━━━━━ Data for the task
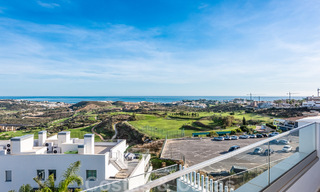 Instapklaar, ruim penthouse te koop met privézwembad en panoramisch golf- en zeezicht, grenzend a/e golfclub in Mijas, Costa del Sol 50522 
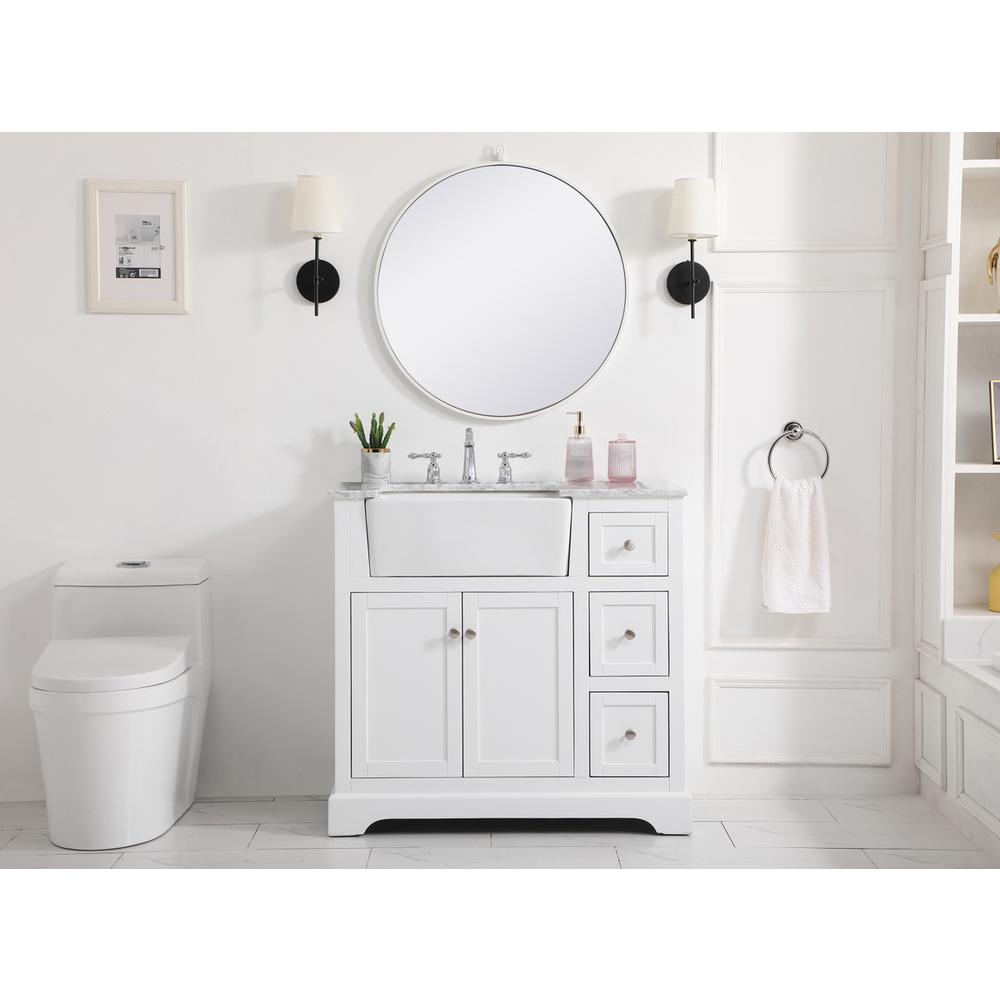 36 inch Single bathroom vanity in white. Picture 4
━━━━━━━━━━
━━━━━ Data for the task
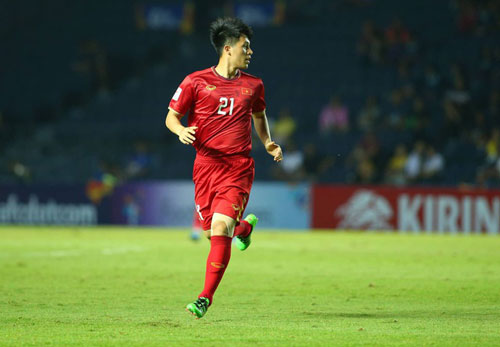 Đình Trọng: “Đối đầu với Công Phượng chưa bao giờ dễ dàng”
━━━━━━━━━━
━━━━━ Data for the task
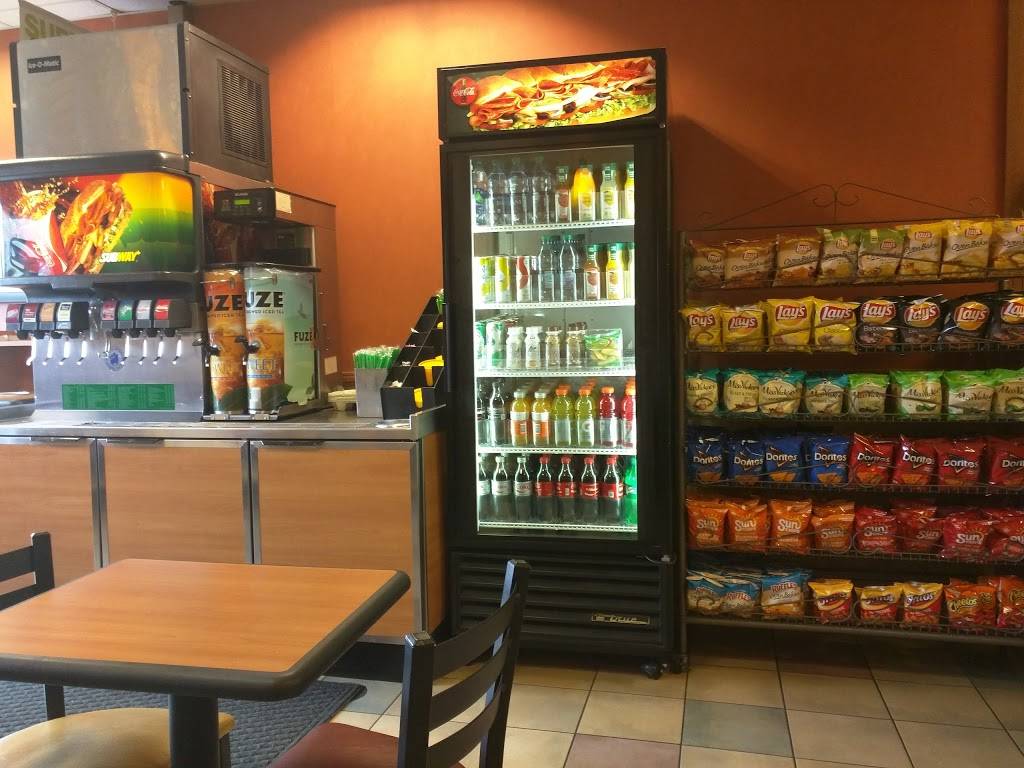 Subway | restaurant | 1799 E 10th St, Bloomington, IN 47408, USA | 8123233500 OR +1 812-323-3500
━━━━━━━━━━
Your objective
Please copy out from the data above, without any picture, exactly the lines running from the one that holds "Instapklaar, ruim penthouse" through the one that holds "36 inch Single", and nothing beyond them.

Your solution
 Instapklaar, ruim penthouse te koop met privézwembad en panoramisch golf- en zeezicht, grenzend a/e golfclub in Mijas, Costa del Sol 50522 
 36 inch Single bathroom vanity in white. Picture 4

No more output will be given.